What to produce:
Could you retype the lines below, starting at the line holding "ホテル City Express" and stopping at the line holding "49 James Cook Street, Havelock North", inclusive? Copy them exactly and drop the images.

☆ ☆ ☆ ☆

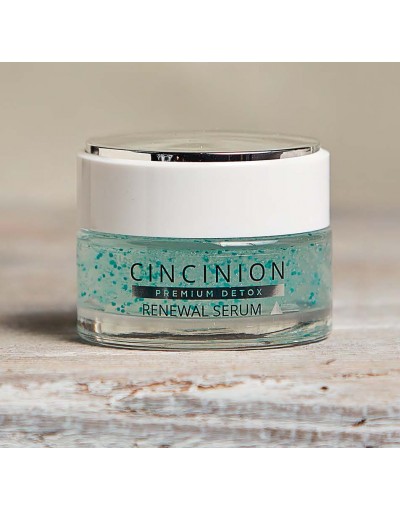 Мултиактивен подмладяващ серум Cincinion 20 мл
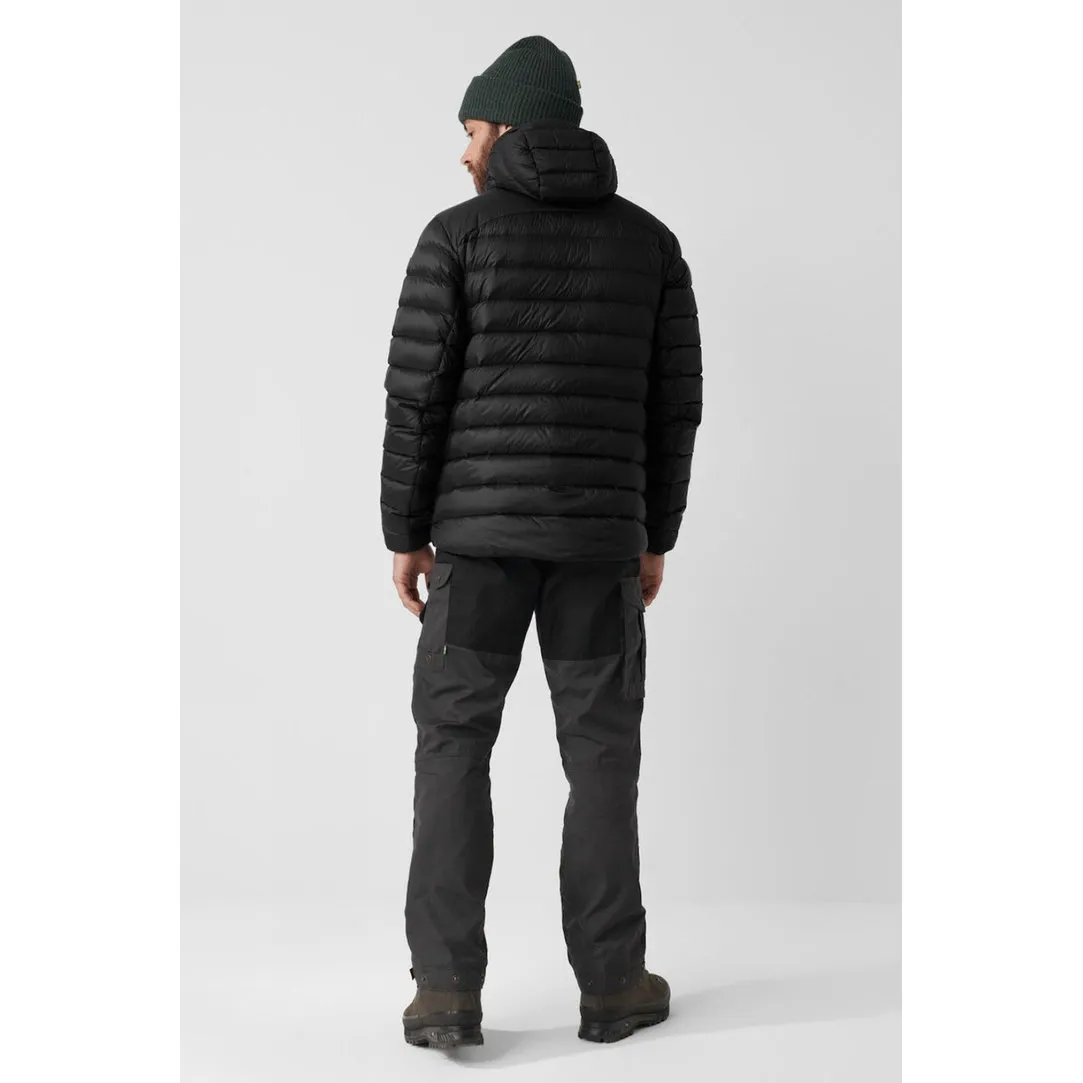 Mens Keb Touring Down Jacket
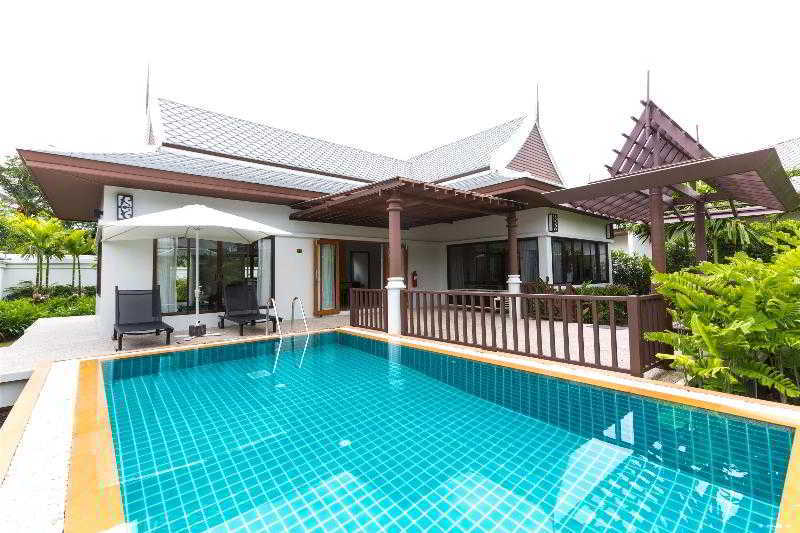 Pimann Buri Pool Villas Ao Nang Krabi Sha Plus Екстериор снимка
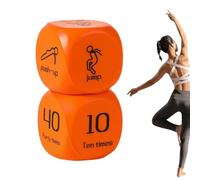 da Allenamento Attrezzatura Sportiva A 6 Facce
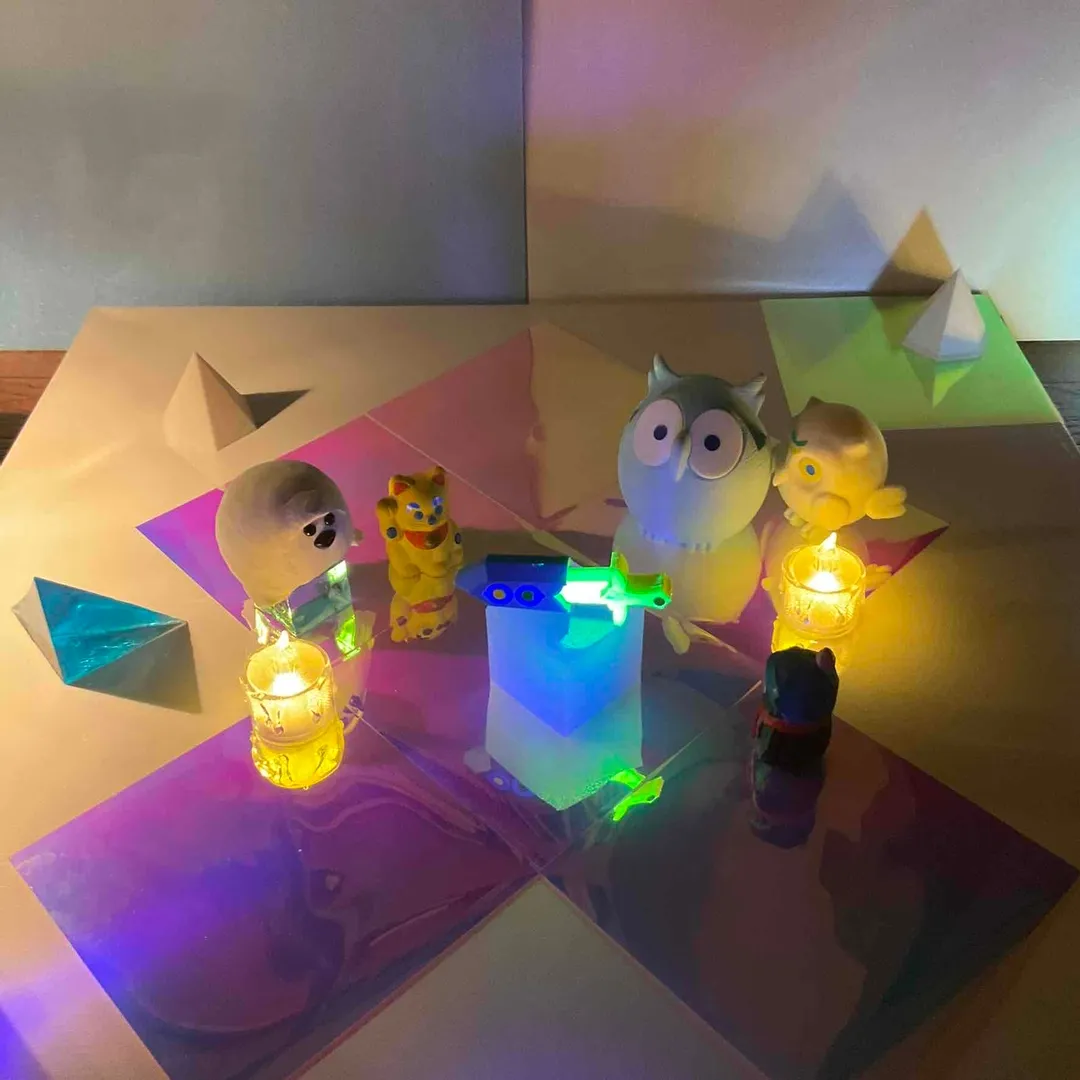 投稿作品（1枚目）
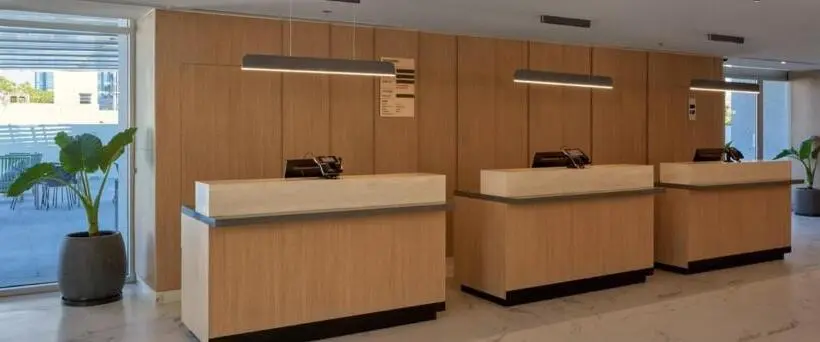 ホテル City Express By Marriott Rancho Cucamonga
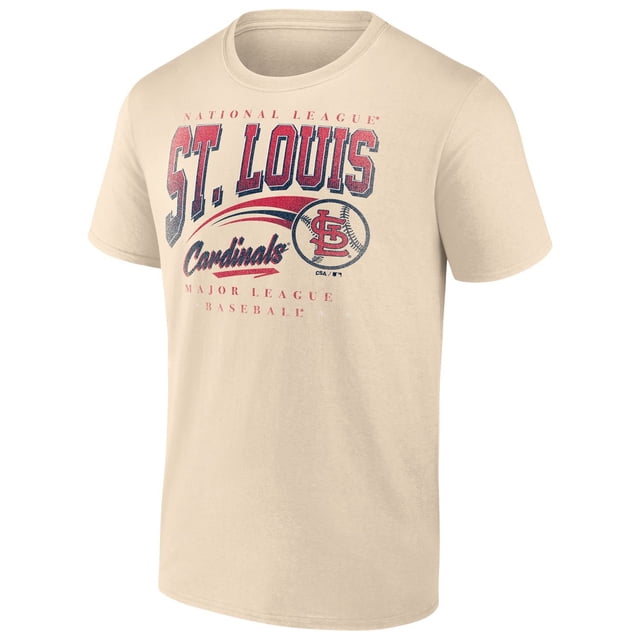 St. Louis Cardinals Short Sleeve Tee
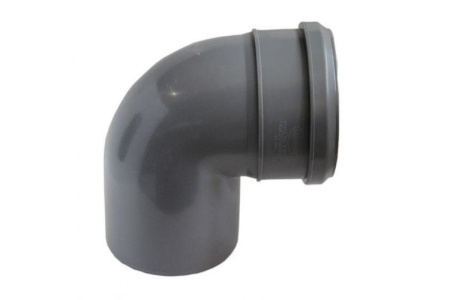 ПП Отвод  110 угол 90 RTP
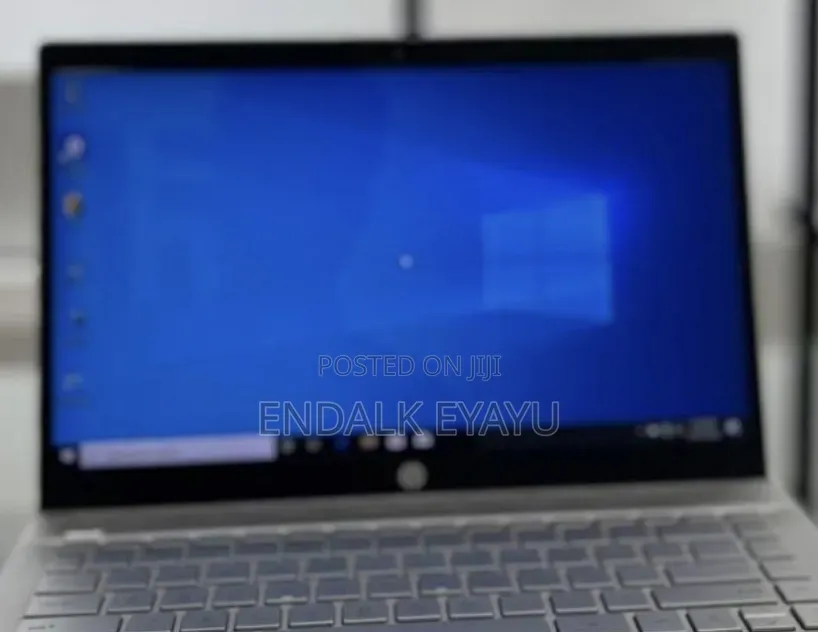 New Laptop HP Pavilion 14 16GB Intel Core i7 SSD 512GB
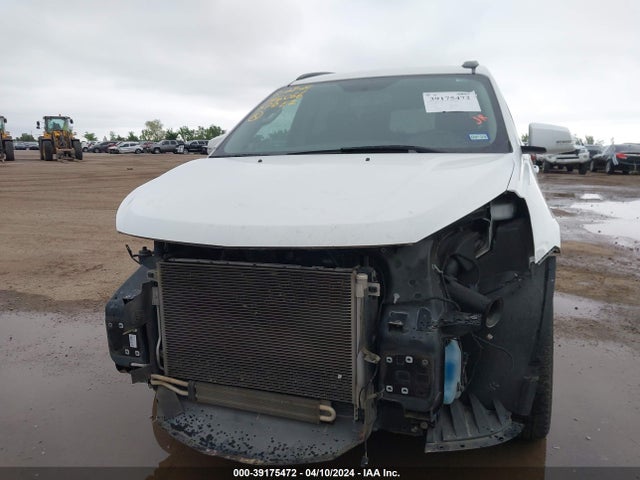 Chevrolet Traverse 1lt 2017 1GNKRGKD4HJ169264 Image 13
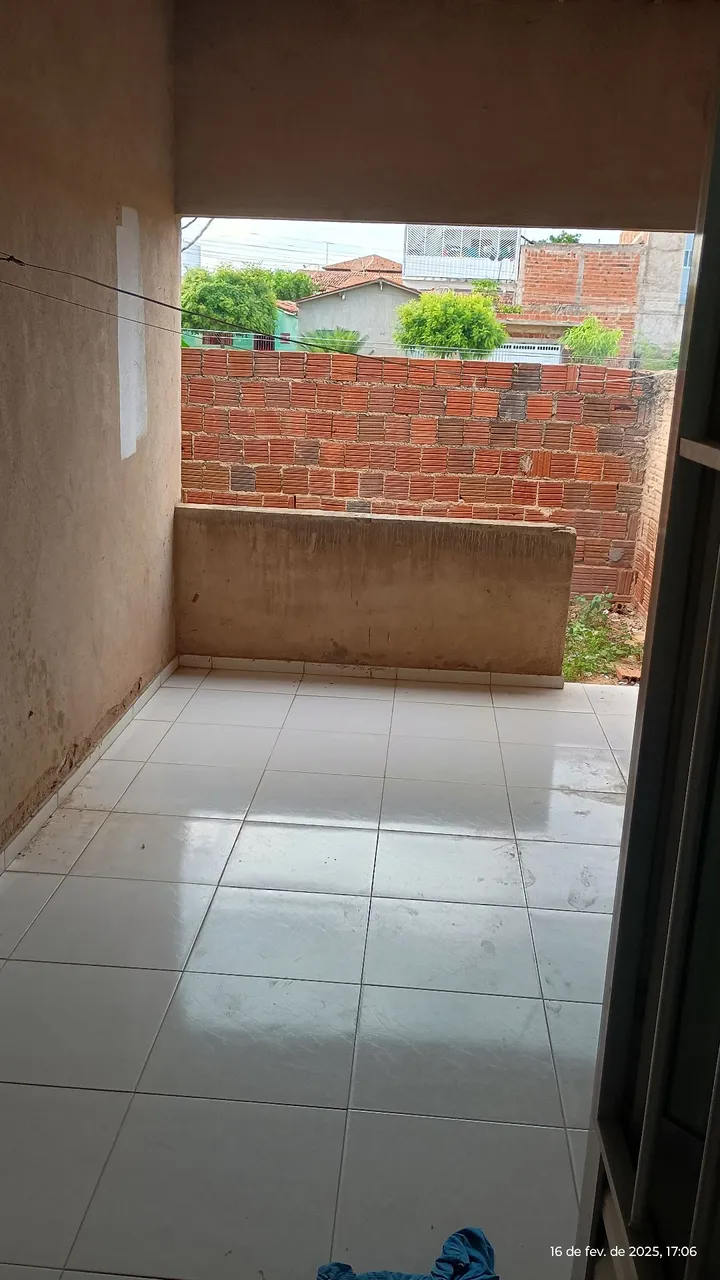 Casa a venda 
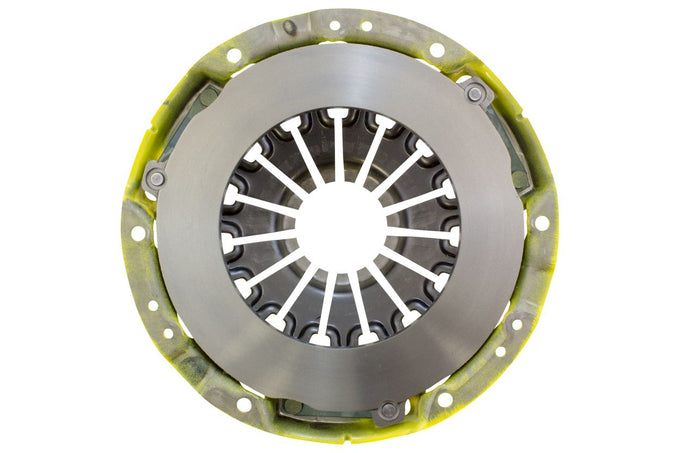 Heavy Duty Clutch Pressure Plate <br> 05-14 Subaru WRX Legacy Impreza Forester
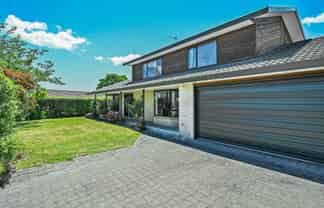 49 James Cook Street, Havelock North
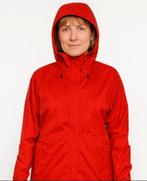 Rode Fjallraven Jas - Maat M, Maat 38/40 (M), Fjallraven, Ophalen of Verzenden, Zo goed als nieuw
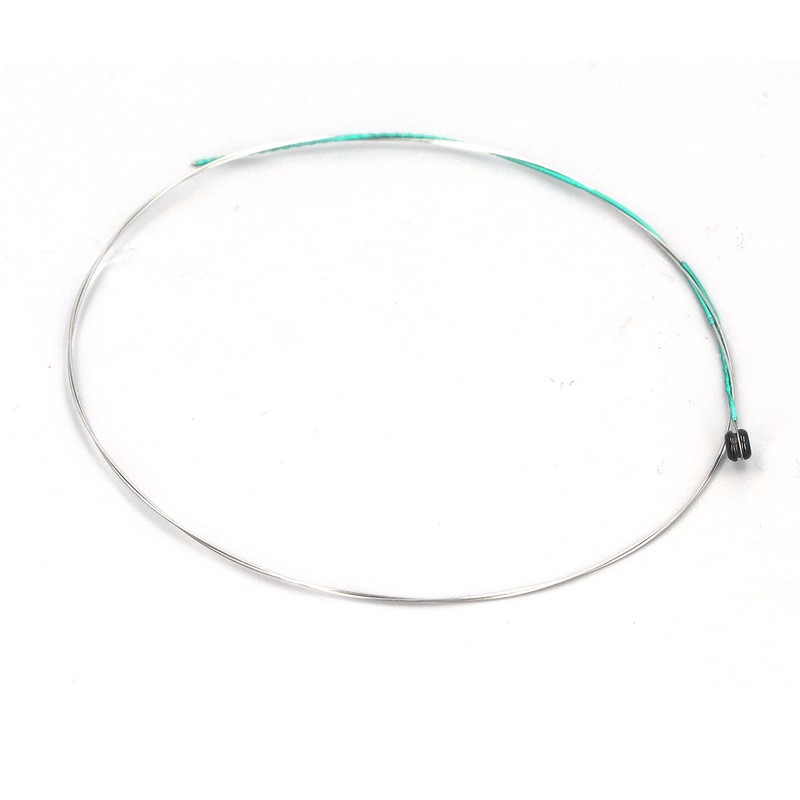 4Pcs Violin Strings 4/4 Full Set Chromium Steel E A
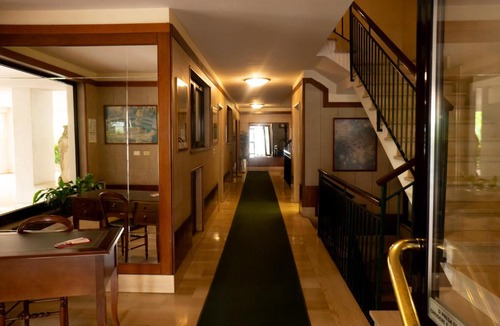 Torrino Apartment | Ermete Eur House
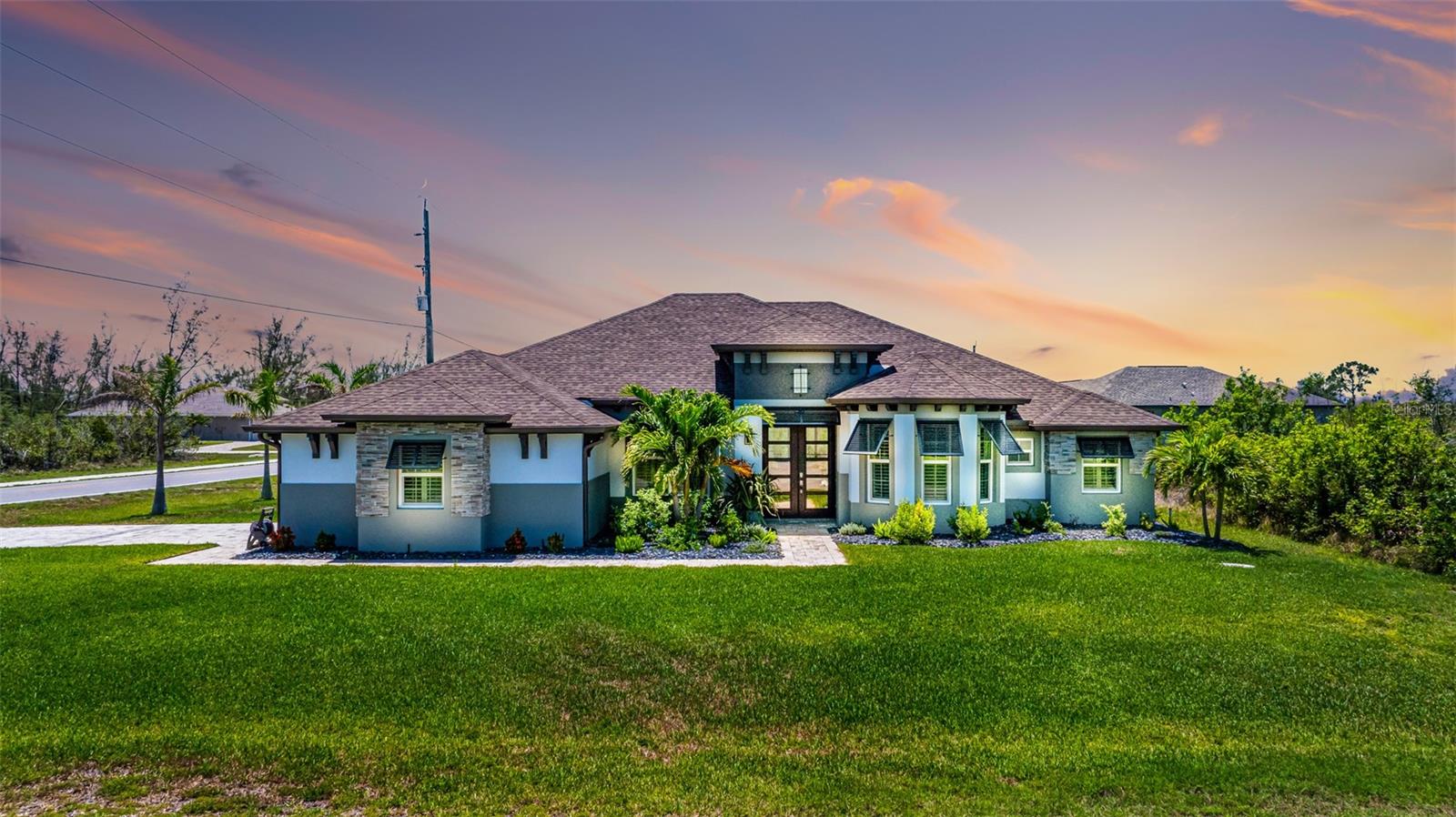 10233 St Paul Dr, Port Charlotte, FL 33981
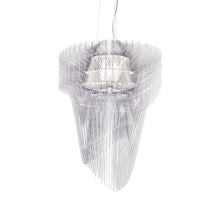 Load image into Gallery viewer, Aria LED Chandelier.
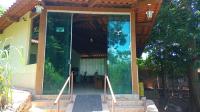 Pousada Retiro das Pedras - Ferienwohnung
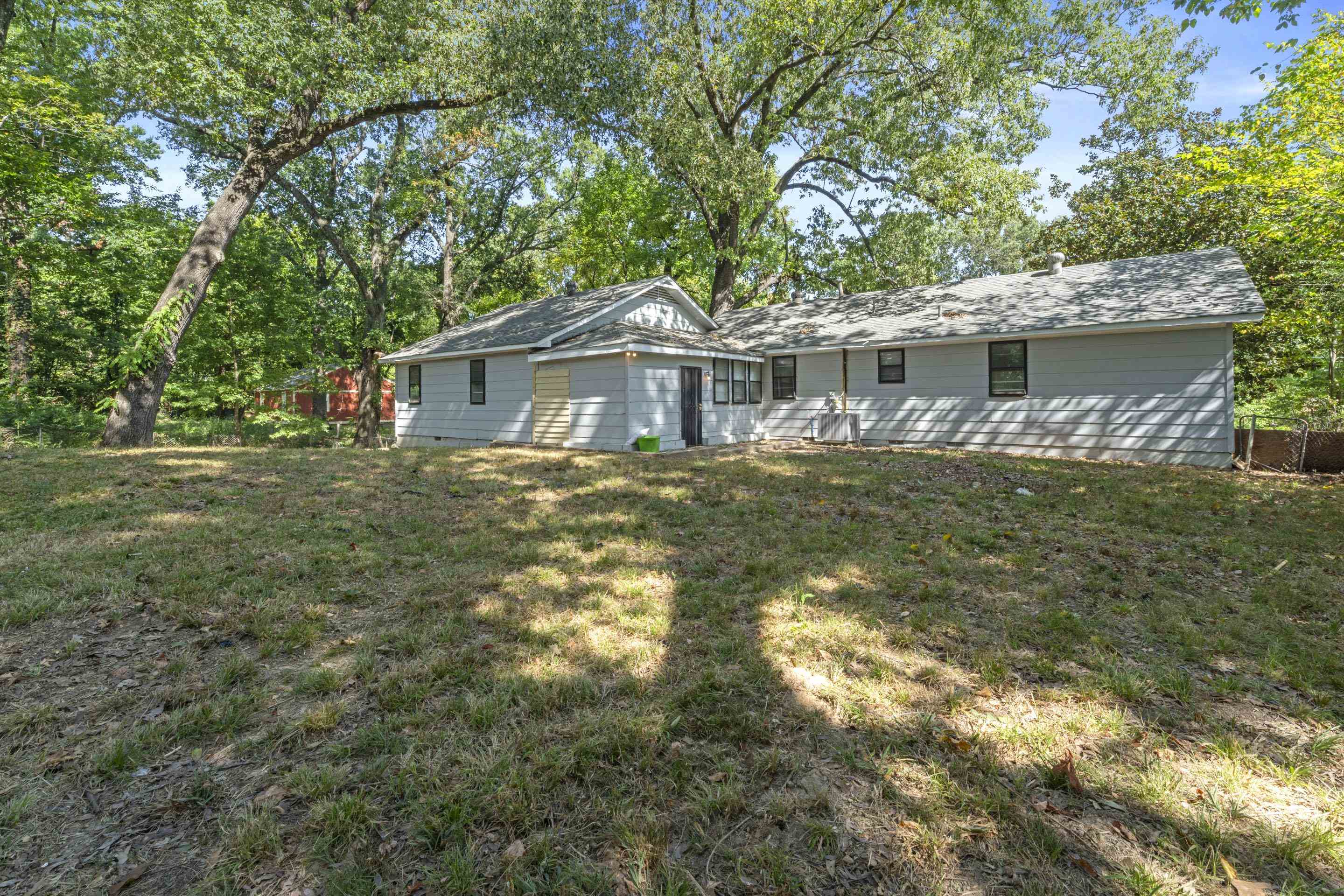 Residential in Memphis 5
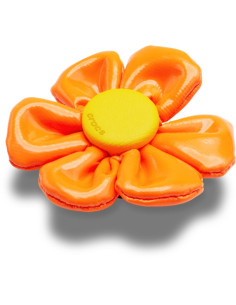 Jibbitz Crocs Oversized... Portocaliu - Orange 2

☆ ☆ ☆ ☆

The completed task:
 ホテル City Express By Marriott Rancho Cucamonga
 St. Louis Cardinals Short Sleeve Tee
 ПП Отвод  110 угол 90 RTP
 New Laptop HP Pavilion 14 16GB Intel Core i7 SSD 512GB
 Chevrolet Traverse 1lt 2017 1GNKRGKD4HJ169264 Image 13
 Casa a venda 
 Heavy Duty Clutch Pressure Plate <br> 05-14 Subaru WRX Legacy Impreza Forester
 49 James Cook Street, Havelock North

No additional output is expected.